The professional body has called for:

1.            The FCA to ditch plans to mandate compensation in the form of a lump sum, since such compensation does not address the central issue of British Steel Pension Scheme members giving up a guaranteed income.

2.            The Department of Work & Pensions and the Pension Protection Fund to work together to ensure clients are re-admitted to the British Steel Pension Scheme or admitted to the Pension Protection Fund.

 
 

3.            Where the Defined Benefit Advice Assessment Tool process is not adequate to address the individual circumstances in a case, it should allow for advisers to have a right of appeal to an independent, qualified transfer specialist that requires a review of the full file and the specific circumstances involved creating the recommendation.

While the timeline set out in the FCA’s consultation on determining compensation is accurate, the Personal Finance Society has flagged advisers giving advice during the period had no way of knowing what information the British Steel Pension Scheme would publish in the future.

To encourage the FCA to rethink their approach, the Personal Finance Society has shared information with the regulator about cases where advisers were told by the British Steel Pension Scheme that early retirement options could not be issued as their client was not old enough.

 
 

According to the professional body, this example highlights how the regulator’s assessment tool process is not sophisticated enough to establish a full picture of what could have been reasonably expected from financial advisers working with limited information rather than the full facts in individual cases.

In addition, the professional body has raised concerns that the training given to people using the Defined Benefit Advice Assessment Tool is only around two days compared with the approximately 13 weeks that it takes to become qualified as a pension transfer specialist.

The Personal Finance Society has informed the regulator that it is highly questionable whether individuals working with Defined Benefit Advice Assessment Tool training alone are able to consider cases according to the factors that apply to an individual case.

 
 

As a result, the Personal Finance Society has stated the FCA should amend the timetable to provide for circumstances where advisers had good reason not to seek information on conversion rates.

Matthew Connell, director of policy and public affairs of the Personal Finance Society, said: “Clients who received poor quality advice to transfer out of the British Steel Pension Scheme transfers should receive compensation, but we are concerned about the way suitability of recommendations will be assessed and whether a lump sum can ever replace a guaranteed income.

“We accept that there were very poor practices among some firms involved in giving advice to British Steel Pension Scheme members.

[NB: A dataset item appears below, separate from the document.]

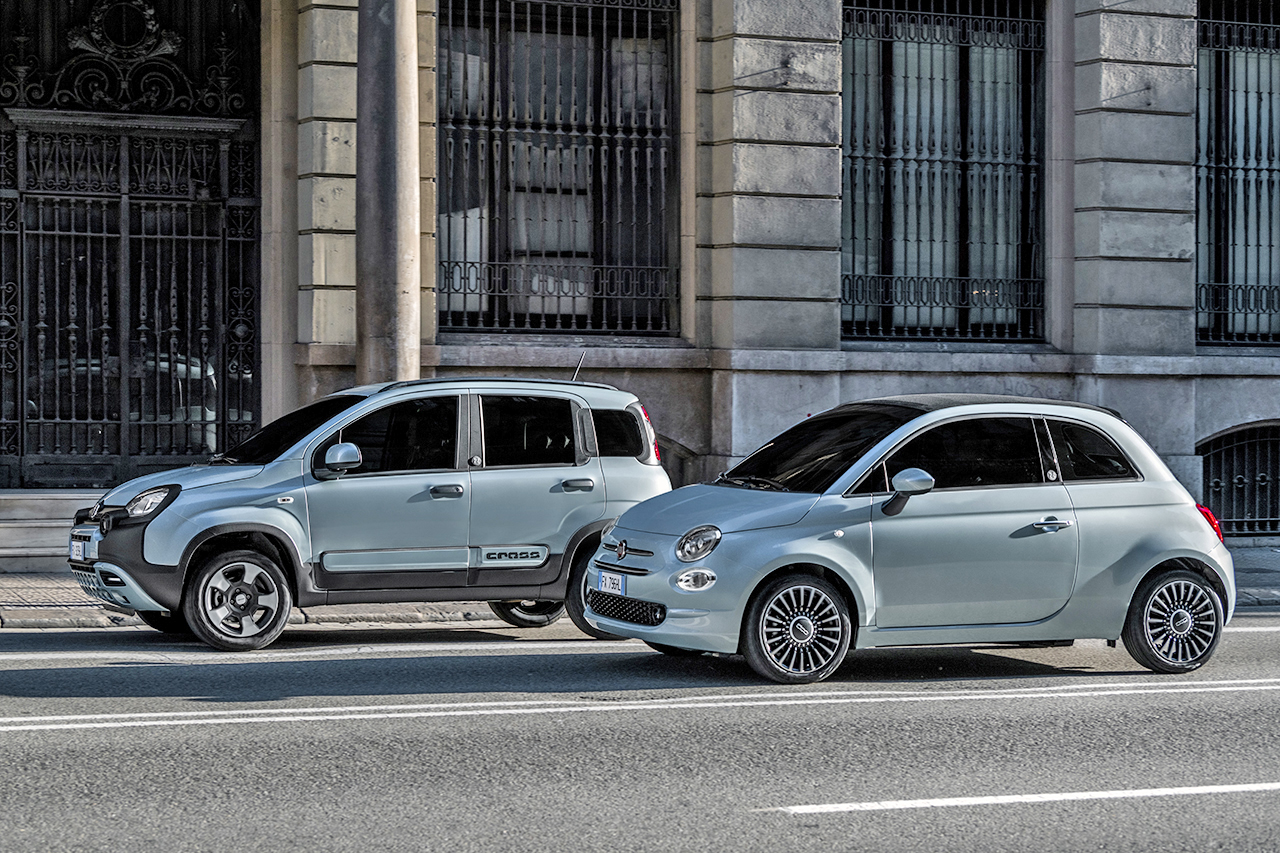  Fiat &ndash; 90.1%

However, the FCA research shows that good advice was also given, which means the review must be fair, proportionate, and operate on a case-by-case basis.

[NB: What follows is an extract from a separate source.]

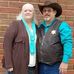 Kathy Larimer - Facebook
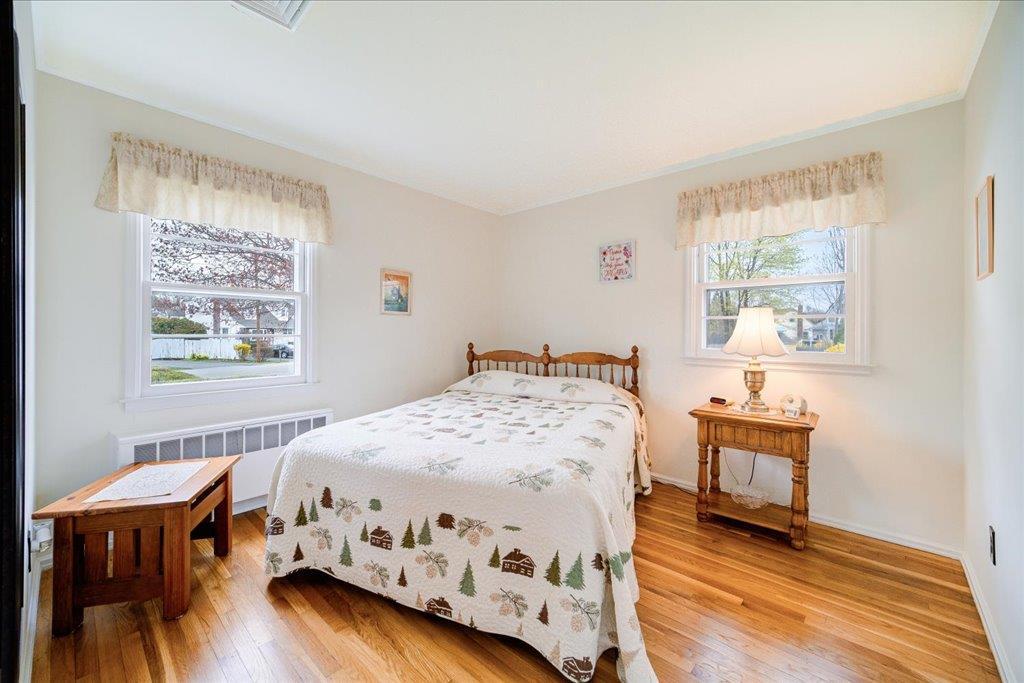 Single Family Heath  Dutchess County, NY 12524, MLS-854259-17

“Given that so much of the detriment that applies to British Steel Pension Scheme members relates to a loss of guaranteed income, we do not think it is right for the compensation scheme to mandate those who received poor advice only receive a lump sum.

“The regulator needs to rethink their approach and work with the Department for Work & Pensions, The Pensions Regulator plus the Pension Protection Fund to ensure British Steel workers retirements are put back in the financial position they would have been in if they were not advised to transfer out of the British Steel Pension Scheme.”